GIVEN DATA ::
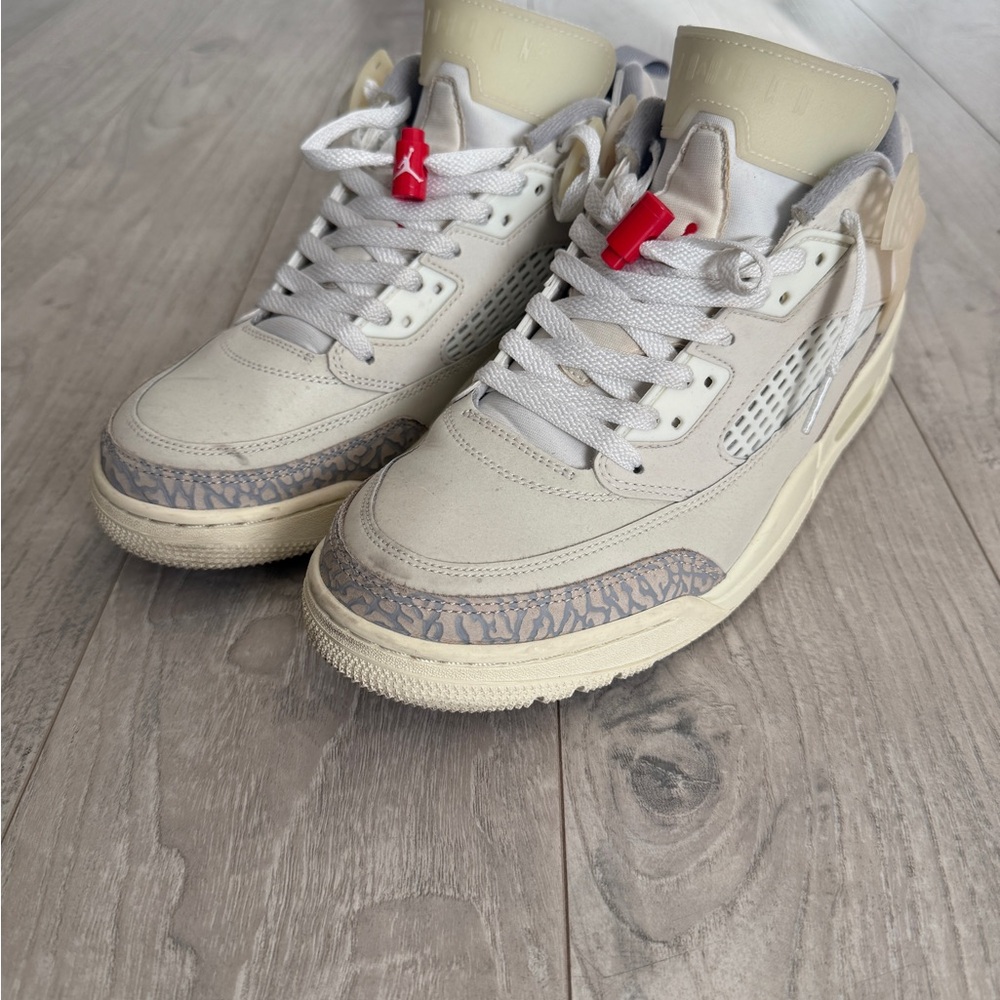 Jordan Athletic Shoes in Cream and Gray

...

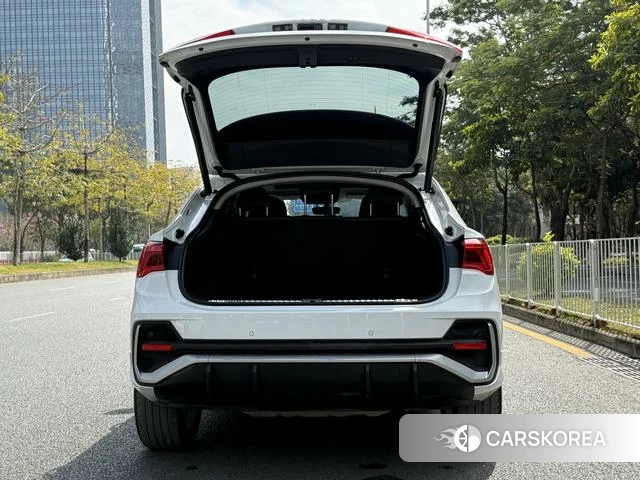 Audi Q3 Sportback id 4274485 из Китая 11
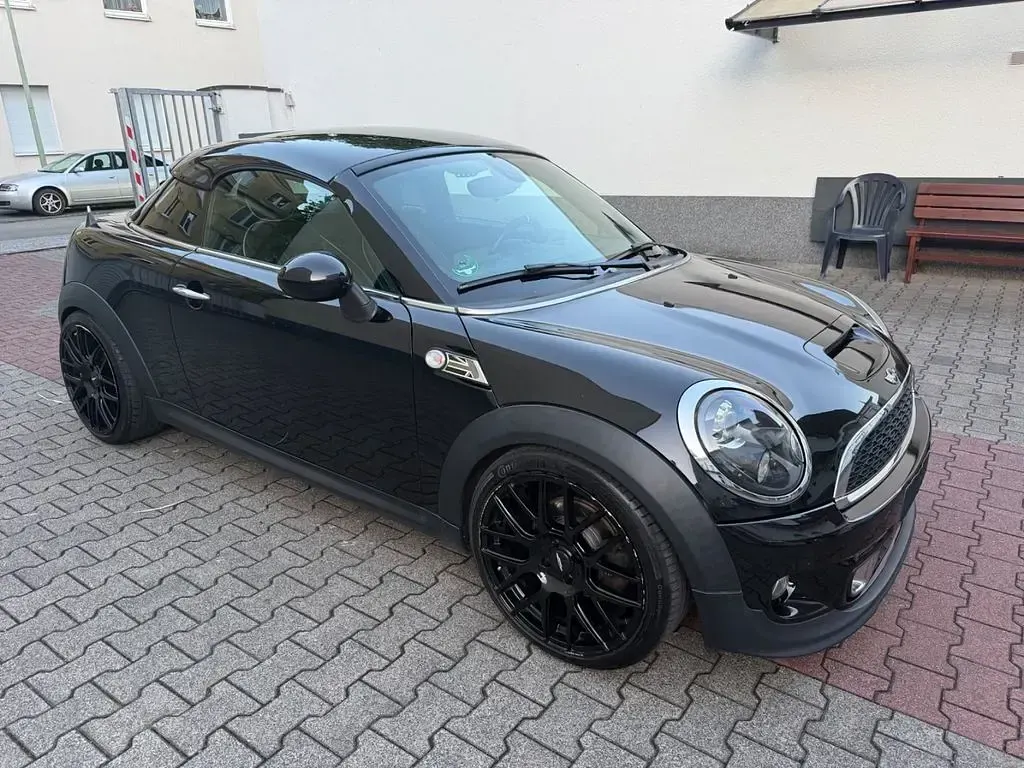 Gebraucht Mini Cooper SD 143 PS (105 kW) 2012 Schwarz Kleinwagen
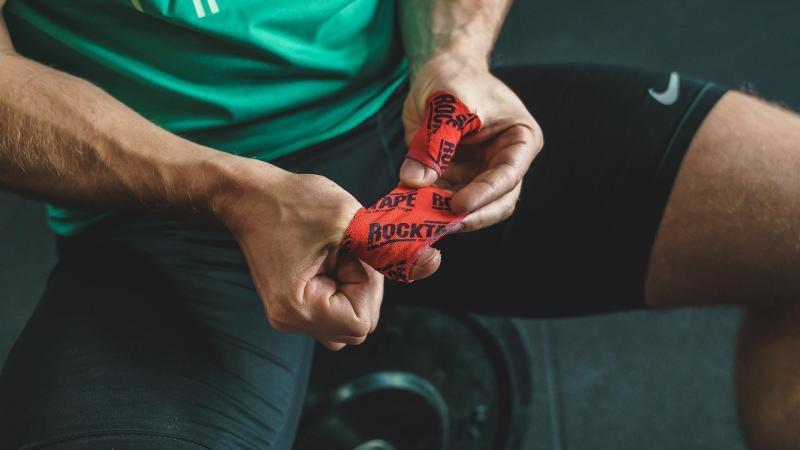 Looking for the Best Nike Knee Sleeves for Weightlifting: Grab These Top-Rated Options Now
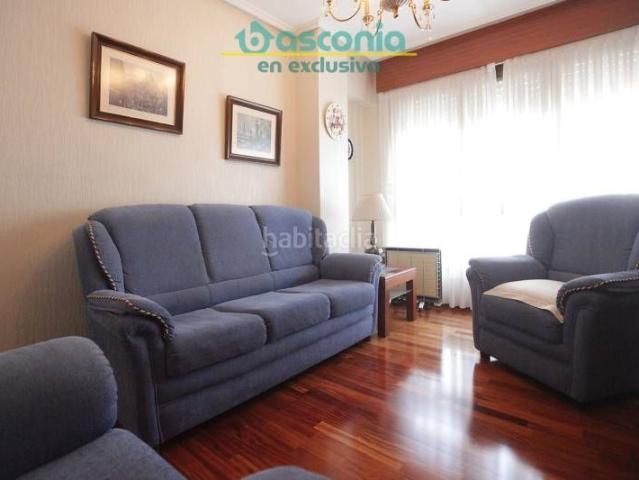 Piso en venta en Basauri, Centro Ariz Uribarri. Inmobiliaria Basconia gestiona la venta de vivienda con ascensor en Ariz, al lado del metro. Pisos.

YOUR OBJECTIVE :: What do the entries above read from the line containing "Gebraucht Mini Cooper" through the line containing "Piso en venta"? Output those lines exactly, both ends included, with the pictures left out.

REPLY ::
 Gebraucht Mini Cooper SD 143 PS (105 kW) 2012 Schwarz Kleinwagen
 Looking for the Best Nike Knee Sleeves for Weightlifting: Grab These Top-Rated Options Now
 Piso en venta en Basauri, Centro Ariz Uribarri. Inmobiliaria Basconia gestiona la venta de vivienda con ascensor en Ariz, al lado del metro. Pisos.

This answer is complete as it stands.